Learning Theories
Educational Law
Diversity
Names in Education
MISC
100

He proposed the hierarchy of human needs that impact learning.

Who is Abraham Maslow?

100

This landmark Supreme Court case declared segregated schools unconstitutional.

What is Brown v. Board of Education?

100

This is a very all-encompassing concept and includes the many things that combine to make one community or group different from another, such as their: values, clothing, religion, holidays, traditions, language, music, literature, beliefs and expectations (Alsubaie, 2015; Perso, 2012).

What is Culture?

100

Carol Dweck promotes a classroom that encourages effort, mistakes, and persistence in this mindset.

What is a Growth Mindset?

100

An important resource for writing objectives with verbs classified by level, this helps teachers to track whether students are using higher-order thinking skills while engaged in a lesson.

What is Bloom's Taxonomy? 

200

They are the key theorists of Progressivism, which focuses its educational stance toward experiential learning with a focus on developing the whole child. Students learn by doing rather than being lectured to by teachers. Curriculum is usually integrated across contents instead of siloed into different disciplines.

Who are John Dewey and Maria Montessori?

200

This act requires public schools to meet accountability standards based on student achievement.

What was No Child Left Behind (NCLB)?

200

He is considered to be a highly influential scholar, and some say “founder”, of  multicultural education, a pedagogical approach that works to ensure all students have equal access to learning. Multicultural education in his view has five dimensions: cultural integration, knowledge construction, prejudice reduction, equity pedagogy, and empowering school culture...

Who is Dr.
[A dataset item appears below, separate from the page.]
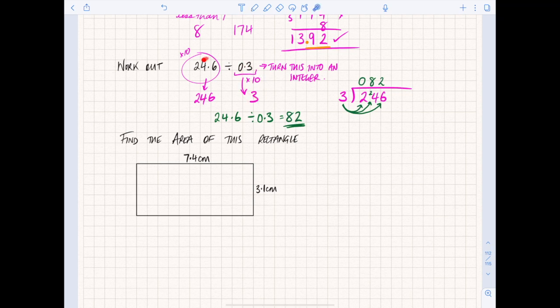Remember, because you multiplied both sides by 10, the division stays the same effectively — what you do to one side you do to the other. So 246 divided by 3 is the same as 24.6 divided by 0.3. You do not need to change your answer. When dividing with decimals, just remove the decimals by converting to integers.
James Bank?

200

Pierson emphasized this relational practice as key to student success.

What is building strong teacher–student relationships?

200

These are the four types of curricula that educators have to address in the classroom.

What are Explicit, Implicit, Null and Extracurricular?
300

The goal to emancipate marginalized or oppressed groups by developing, according to Paulo Freire, aiming to create a more just society through critical consciousness, dialogue, and action, rather than traditional rote learning.

What is Critical pedagogy?

300

This law ensures students with disabilities receive appropriate education and services.

What is IDEA?

300

This term has begun to replace the term ELL because it values the funds of knowledge and language competencies the students already have while celebrating their identity as someone becoming bilingual.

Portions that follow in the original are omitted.